Unlike DLSS, where NVIDIA have been exceptionally keen to detail the performance differential between conventional and new processing techniques on old and new hardware, few claims are being made about the real-time raytracing aspect of RTX and the playability of games using it. First impressions at Gamescom of Shadows of the Tomb Raider running at 1080p with RTX enabled were, to put it mildly, not good; frame rates dropped precipitously, diminishing enjoyment of the improved visuals. Early doors though, there's still plenty of time for optimisation.
At GTC Europe this week game developer Remedy stuck their head above the parapet and outlined some performative aspects to implementing RTX Ray Tracing within their Northlight engine. The information they relayed, reported at Golem.de, was certainly eye-opening.
Something of a given is improved image quality. Remedy individually implemented ray-traced contact and sun shadows, reflections, and a technique known as Indirect Diffuse Lighting in a test scene, observing more realistic lighting dynamics and reflections that were accurate irrespective of camera location (a core weakness of traditional rasterisation). Unfortunately the costs associated with improving image quality were acute.
Rendered individually and aggregated together, in total the techniques added 9.2ms of rendering time per frame. Reflections were the most expensive at 4.2ms; two beams per pixel contact and sun shadows with noise rejection cost 2.3ms, and global de-ionisation a further 2.5ms. When you consider that to operate at a consistent 60fps a frame must take no more than 16.7ms to render, or 33ms at 30fps, an additional 9.2ms per frame is huge.
The fact that this test ran at 1080p on an RTX 2080 Ti must be another cause for concern. NVIDIA's RTX 2080 Ti is rated at 76 RTX-OPS, while the just-released RTX 2070 sits at ~45 RTX-OPS; will the 2070 even be able to handle the feature in games? How scalable will the technology turn out to be on release? Is Turing Doomed?

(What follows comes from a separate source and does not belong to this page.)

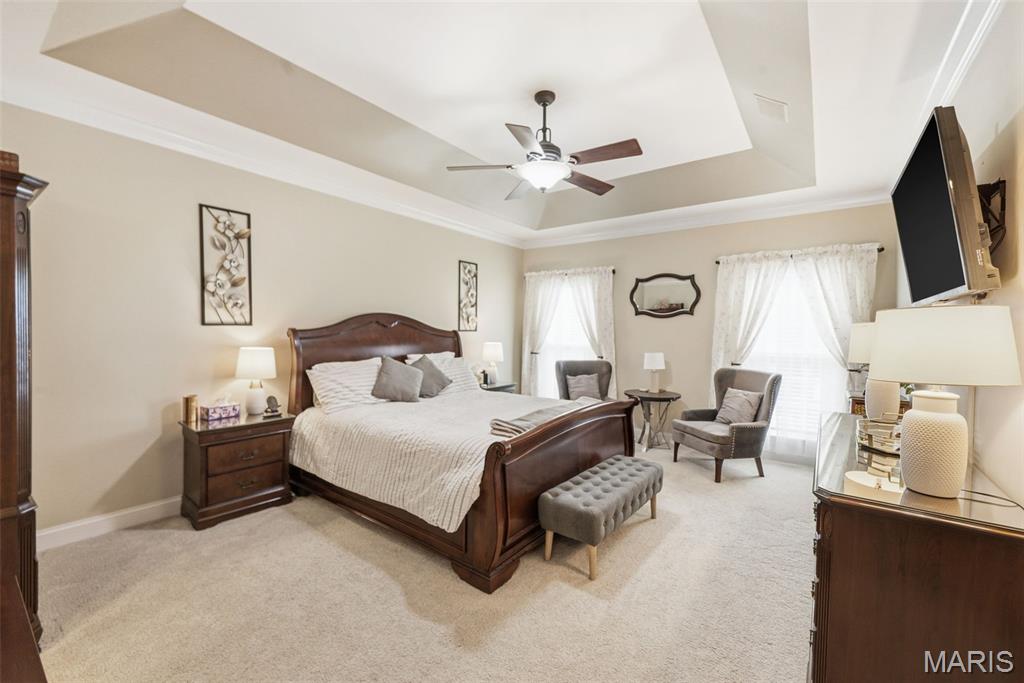 Paddington Hill Amd - Residential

The answer, of course, is that such speculations remain moot until RTX support in games is a reality. What it does underscore is that you shouldn't be buying GeForce RTX hardware right now on the assumption that upcoming features will be life-changing (or at least game-changing), and that both game developers and NVIDIA themselves are probably hard at work optimising the techniques prior to them appearing in the games you love. If conventional rendering performance is all you're interested in you now have plenty of information on which to base your purchase of the next-gen hardware.